Early adopters like Sotheby’s launched their bricks-and-clicks formats in 2004. There are also online-only auctioneers such as Paddle8 and Heritage Auctions, the largest online platform for art and collectibles.

Online marketplaces, such as online galleries and aggregators that offer fixed-price options, are gaining traction too.

Artsy, a New York-based start-up, partners with international galleries, auction houses and art fairs to provide collectors a central destination to discover, buy and sell artworks from anywhere.

Online shopping giants like Amazon and eBay have also entered the art market. Amazon Art was launched in 2013 offering more than 60,000 artworks supplied by more than 150 galleries and dealers.

Artsy highlights some of the challenges facing the online art trade. It also exemplifies why the uptake has been slower than in other industries.

The art market relies quite a bit on confidentiality. Dealers sometimes create a sense of scarcity and introduce collectors to works by certain artists as a privilege.

Prices bound to subjective factors are highly volatile.

When an artwork sells for too little or too much, the artist’s future prices may be affected. So at first the art world was resistant to moving online and relinquishing the secrecy.

When Artsy planned to take the galleries’ inventories and publish them online with a price tag, the reception was more than icy, eventually forcing the start-up to overhaul its business model to maintain the status quo and redirect the actual sale transaction to the gallery.

Artsy convinced two superstar galleries, Gagosian and Pace, to come on board and launched to the public in 2012 as a technology platform helping galleries expand their audiences across the globe and generating revenue through galleries’ subscriptions.

Today Artsy is probably the biggest player in the online market, offering more than 800,000 works from more than 2,000 galleries and facilitating more than $20m in art sales each month with an average distance of 4,800km between buyer and seller.

It hosted more than 190 auctions in 2017 with partners, including the world’s top three auction houses, Christie’s, Sotheby’s, and Phillips.

In 2017, Artsy raised $50m in venture capital, including from Larry Gagosian and the co-founders of Airbnb, MTV and Zillow. For collectors, there are many advantages to purchasing art online. It forms part of humanity’s new habits and gives access to artworks and artists from all around the world. It also bypasses what new buyers can experience as the pretence of the art world.

In 2017, Sotheby’s announced the elimination of the buyer’s premium for online-only sales, a step that makes art even more accessible.

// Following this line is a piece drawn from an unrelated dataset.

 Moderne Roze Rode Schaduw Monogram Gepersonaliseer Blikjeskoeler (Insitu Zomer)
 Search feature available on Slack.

Price transparency constitutes a barrier and an opportunity. Not surprisingly, younger buyers expect more transparency. Christie’s seems to be leading the way in meeting their expectations.

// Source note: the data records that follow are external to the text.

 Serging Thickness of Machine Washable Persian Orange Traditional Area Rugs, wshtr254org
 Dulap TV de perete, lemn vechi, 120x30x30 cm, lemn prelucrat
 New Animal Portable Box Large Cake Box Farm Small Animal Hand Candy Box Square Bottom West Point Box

Art buyers have cause for concern, however, starting with the quality of the art. An image is not as good as the physical object and cannot replace seeing and engaging with the real thing.

A certificate of authenticity and a condition report can mitigate the risks.

Despite these vagaries, collectors seem to find the sale of artworks online adequate.

According to the latest Hiscox Online Art Trade Report, the online art market grew 12% in 2017 and went from $1.5bn in 2013 to $4.22bn in 2017. This represents a small portion of the collecting landscape but Hiscox predicts that it will roughly double to $8.37bn by 2023.

Local major art auction houses seem confident about the future of online sales.

Aspire runs five online auctions a year and plans to concentrate on the online market to grow and diversify its local and global collector base.

“Currently, we present less expensive artworks on this platform to encourage younger and new collectors. We are also able to use the online channel to run thematic, curated auctions as the overhead costs are significantly lower,” says Aspire founding director Ruarc Peffers.

Strauss & Co launched its first online platform in 2013 and has seven online auctions planned for 2018.

“Our total turnover for 2017 was R329m, of which R21m was generated by our online-only auction platform, accounting for 6.5% of our turnover.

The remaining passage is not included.